We propose to develop spatial statistical models for measures of biotic integrity on the streams and rivers that capture the spatial variation in the measures. These models will be used to estimate the biotic integrity through the riverine system based on the information from multiple sources and scales. We will also quantify the uncertainty in the estimates and develop methods to visualize the resulting estimates and uncertainties.

We hope that the project will be used as a case-study of how state--of--the--art statistical methodology can be used to leverage the information in existing monitoring surveys.

The United States Mid-Atlantic Region

The study area is the Mid-Atlantic region of the eastern United States and its watersheds. This region is defined by the EPA to be the land and near coastal area that includes all of EPA Region III and parts of Regions II and IV. An elevation map of this region is given in Figure 1. The region extends from southern New York into northeastern North Carolina. The region includes EPA Region III (i.e., Pennsylvania, West Virginia, Maryland, Delaware, and Virginia); the Susquehanna and Allegheny River basins, which extend into New York; the Delaware River basin, which extends into New Jersey; and the Chowan-Roanoke and Neuse-Pamlico basins, which extend into North Carolina. The Mid-Atlantic region encompasses the area from the Mid-Appalachian highlands to the estuaries.

This region was chosen for a number of scientific and practical regions. The Mid-Atlantic region has been extensively studied by the EPA and other scientific groups. The region is one of the most data-rich areas in the country, in part because of its dense population and proximity to Washington, D.C.

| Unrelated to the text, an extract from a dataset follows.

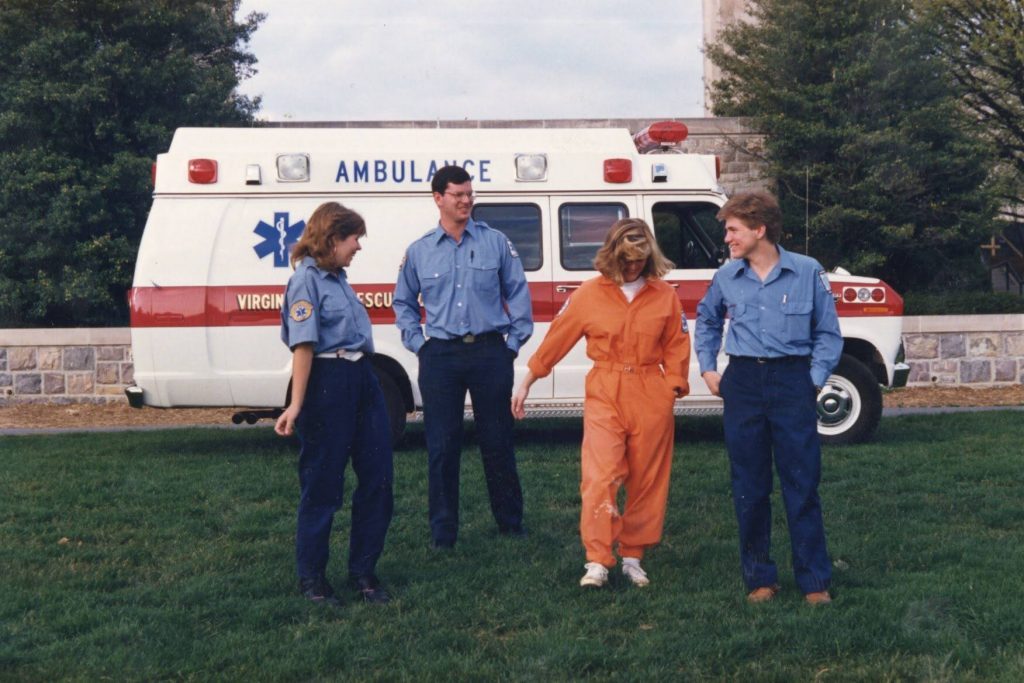 VTRS History Virginia Tech Rescue Squad Virginia Tech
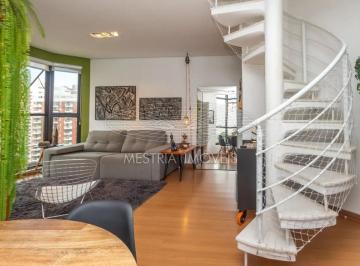 Apartamento · 80m² · 2 Quartos · 2 Vagas · Moema | Cobertura duplex com 80 m² | Vendida PORTEIRA FECHADA!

Figure 2 represents the hydrography of the region, that is, the major rivers, streams and watersheds. The watersheds are represented by the (8-digit) hydrological units within the region. The information is based on the reach file (survey d). Figure 3 provides an overview of the land cover and land use type. The information is based on the Landsat Thematic Mapper data (survey c).

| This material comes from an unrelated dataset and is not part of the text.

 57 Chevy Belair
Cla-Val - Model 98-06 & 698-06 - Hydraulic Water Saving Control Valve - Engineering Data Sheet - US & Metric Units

The project is to be a case-study for the combination of information from multiple sources. The accessibility of the case-study will be improved by basing it on readily available, compatible and mature data sets. Most of the data are available in formats readily adapted to standard GIS and statistical analysis packages (e.g., ARC/Info, SAS and S-PLUS).

The project will use as its foundation the work of the following four interrelated initiatives:

  1. The EPA/ORD Mid-Atlantic Integrated Assessment (MAIA)
    This multi-year project undertakes a ecosystem-based evaluation of the Mid-Atlantic region and its watersheds. A major objective is to produce a "State-of-the-Region" report that addresses strategic environmental management needs.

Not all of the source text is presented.